* WORK REQUIRED *
An exact transcript is required of the lines below, from the one containing "Emerald Toucanet bird goes kawaii vector" through the very last; leave every picture out of it.

_____

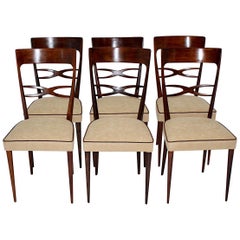 Mid-Century Modern Six Dining Chairs Brown Beech Melchiorre Bega, 1950, Italy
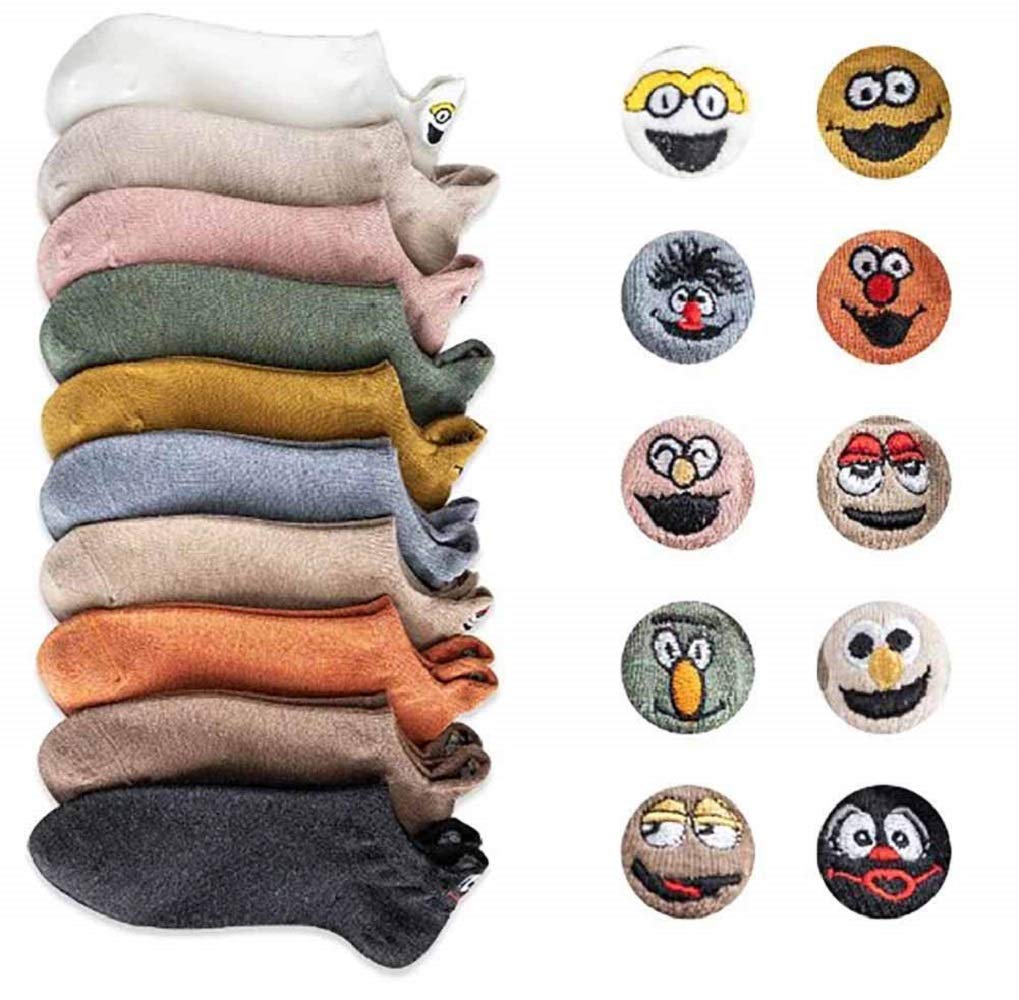 Unisex Cotton Cartoon Embroidered Funny Ankle Socks - 10 Pairs Pack - Comfortable Casual Socks for Men & Women - Perfect for Daily Wear, Gifts, and Cosplay Outfits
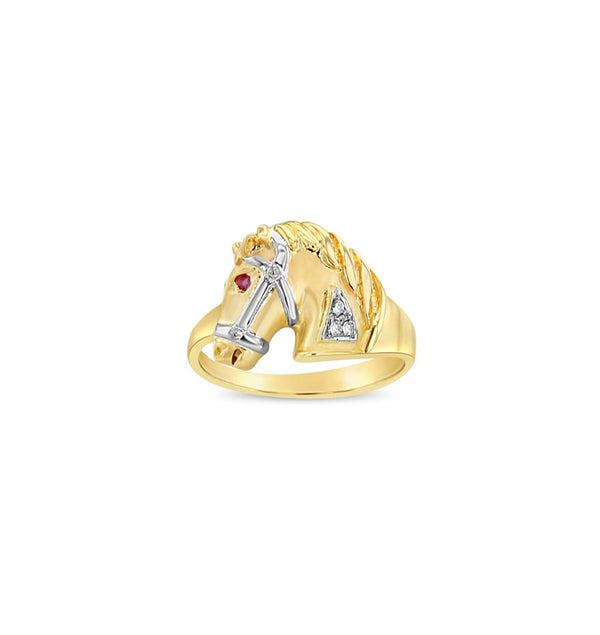 Ruby & Diamond Accented Horsehead Matte Ring 14k Yellow Gold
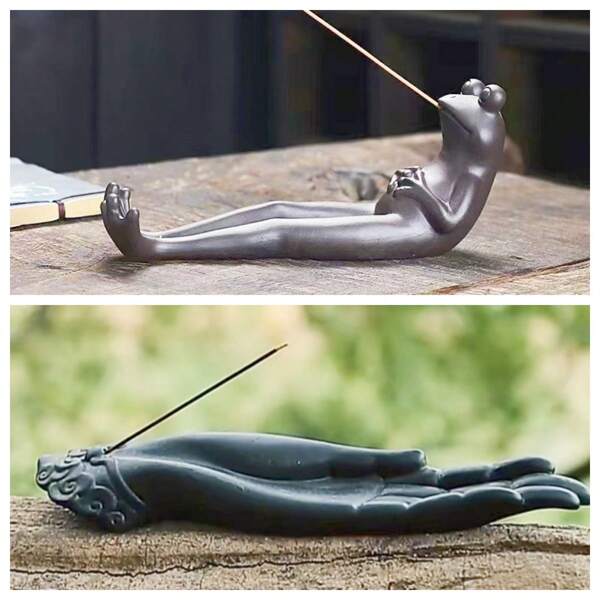 2pcs Black Ceramic Buddha Hand & Frog Incense Burner, Home Use Ceramic Incense Holder, Creative Aromatherapy Burner, Sandalwood Incense Burner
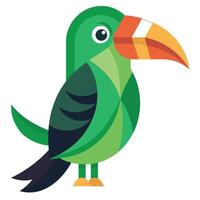 Emerald Toucanet bird goes kawaii vector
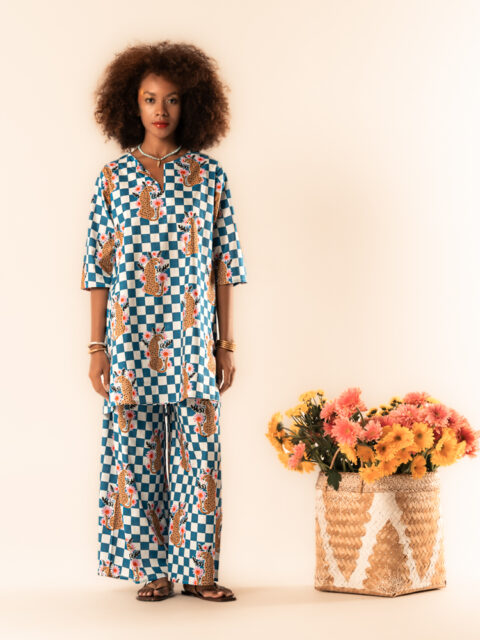 Titli Cotton Tunic – One Size leopard blue print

_____

* RESULT OF THIS EXERCISE *
 Emerald Toucanet bird goes kawaii vector
 Titli Cotton Tunic – One Size leopard blue print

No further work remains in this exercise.